If you were part of White River’s recent studies in Proverbs, you might be a bit jolted to see the idea of wisdom back in the spotlight in this week’s verses. After all, didn’t we just spend the first quarter of the year in one of the “wisdom books” of the Old Testament?
But I think you’ll find as we continue to work through James that wisdom is at the core of this book as well (remember, there’s a reason this book is sometimes called the “New Testament Proverbs”). In James 1:5, the half-brother of Jesus exhorts “If any of you lacks wisdom, let him ask God, who gives generously to all without reproach, and it will be given him” (ESV). Unpacking this, there are two main aspects in this verse to examine: What To Pray For, and Spiritual Wisdom. As we’ll see, the two topics are very closely linked.
Now, we’re supposed to bring everything to God in prayer (Philippians 4:6-7), but when the Bible talks about what we’re asking of God, there are some great examples in regards to where our priorities should lie. In an age of “Name It, Claim It” and “Prosperity Gospel” teaching, it seems as if the emphasis is often on asking God for material items. Even outside of this, it’s very easy to find ourselves asking for creature comforts or wants before anything else in our prayer lives (when I was a hardcore Colts fan, I know my prayer efforts were especially egregious on this note). While we certainly should ask God to supply our physical needs (Matthew 6:11), there’s also a profound picture of spiritual blessings in the act of faith and supplication before God, from the Lord’s Prayer to the High Priestly Prayer to the prayers of Paul.
So how do we know what to pray for? How do we know we’re praying for the right things? Well, one core principle to remember is that prayer is not a self-centered act. We aren’t praying for our own shallow, selfish interests. (Later on in James 4, we’ll see plenty about asking God for the wrong things for the wrong goal). We seek to make our hearts pursue the things of God’s heart. As we pray continually for spiritual wisdom and discernment, and continually spend time in God’s Word, we find those things God decrees and desires for us.
In his Letter to the Colossians, Paul writes “And so, from the day we heard of it, we have not ceased to pray for you, asking that you may be filled with the knowledge of his will in all spiritual wisdom and understanding” (Colossians 1:9, ESV). That’s a beautiful application of what James is writing in regards to in that first chapter.
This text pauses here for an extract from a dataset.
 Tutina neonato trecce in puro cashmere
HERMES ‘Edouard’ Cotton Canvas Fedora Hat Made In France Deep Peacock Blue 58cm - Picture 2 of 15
Note that spiritual wisdom, wisdom granted from God, is not the same as the earthly idea of “wisdom”. The earthly wisdom of the most accomplished scholar, of the most revered minds in the academic community, can accomplish nothing in terms of salvation and sanctification. Earthly wisdom, by itself, cannot rise above the limitations of a fallen world, and indeed, provides no path to regeneration and restoration. That is not to sound an anti-intellectual note; rather, it is to recognize where true wisdom comes from. To go back once again to Proverbs, we are reminded in 2:6 that “For the Lord gives wisdom; from his mouth come knowledge and understanding“ (ESV). If we want true wisdom, we have to go to the true source.
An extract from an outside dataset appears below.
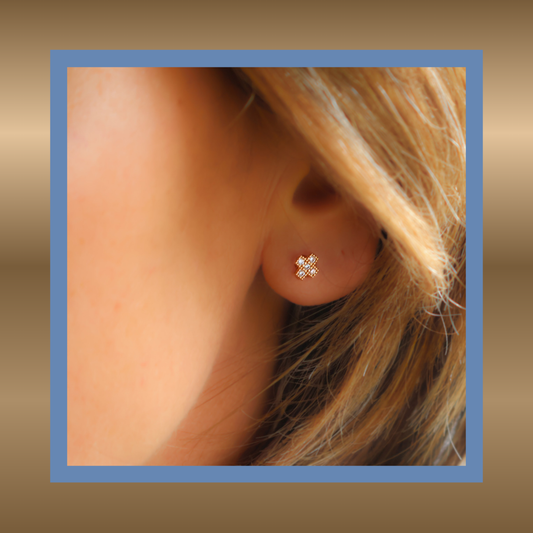 Aimée - kusjes oorstekers met zirkonia 18-karaat goud verguld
By the mighty designs of a sovereign God, mankind has done many clever and wonderful things, but man’s best wisdom remains fallible. Man’s understanding of the world changes from theory to theory. Man’s wisdom in one age is mocked in another. Theories are picked up and discarded, mocked and then again accepted, subject to revocation and withdrawal. To those who completely ignore God’s wisdom in favor of today’s finite, relative idea of “truth”, the Bible says the message of the Cross itself as seen as folly! (1 Cor. 1:18) Trying to build a foundation on this is indeed to try to build on sinking sand, especially when it is at odds with the true, unchanging, eternal wisdom of the Lord. While man equivocates, waffles, and stumbles, the Lord’s wisdom endures through the age.
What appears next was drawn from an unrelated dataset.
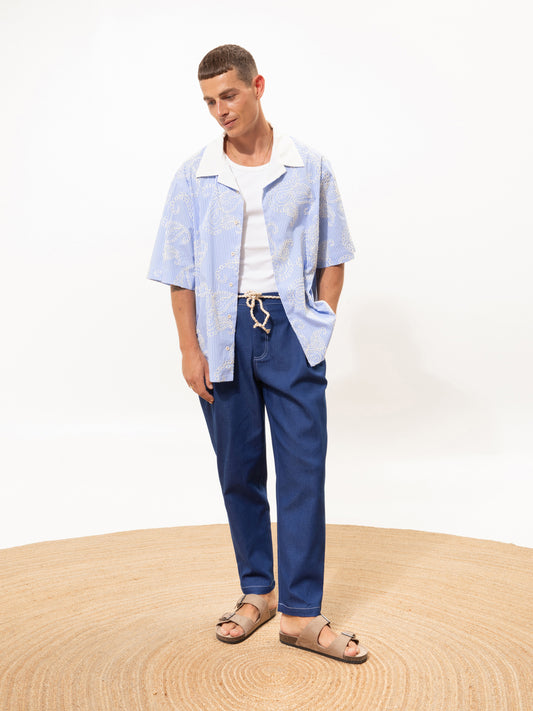 EMBROIDERED SHIRT LIGHT BLUE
The Bible speaks repeatedly of the infinite wisdom of God. That wisdom comes to us through the reading of His Word, inerrant and inspired, with the Holy Spirit acting upon us in order to receive that great revelation (1 Cor. 2:10-13). And here, in James, we are told if we ask for wisdom in faith (v.6), God will not chide us for this, but will give generously. And in that spiritual wisdom and discernment, in the dedication of seeking after the heart of God to serve and enjoy Him, we will begin to see God’s will for our lives. Once we see that will, and seek to have it fill our own lives, our prayers will sound different, because the things we desire are going to be less about the self and more about desiring God.
If you’re not sure what God’s plan is for your Christian walk, and you’re perhaps not even sure how to start praying, pray for wisdom as you delve into God’s Word. Not for your gain or for your glory, but that you may better know the will of God, so that he may be exalted, and that we may live lives dedicated to the joy and chief end of glorifying him forever.
1) What is the present priority or goal in your prayer life?
2) Read Ephesians 3:14-18 and Philippians 1:9-10. What sort of prayers might we provide for our brothers and sisters in Christ from Paul’s own prayers in these verses?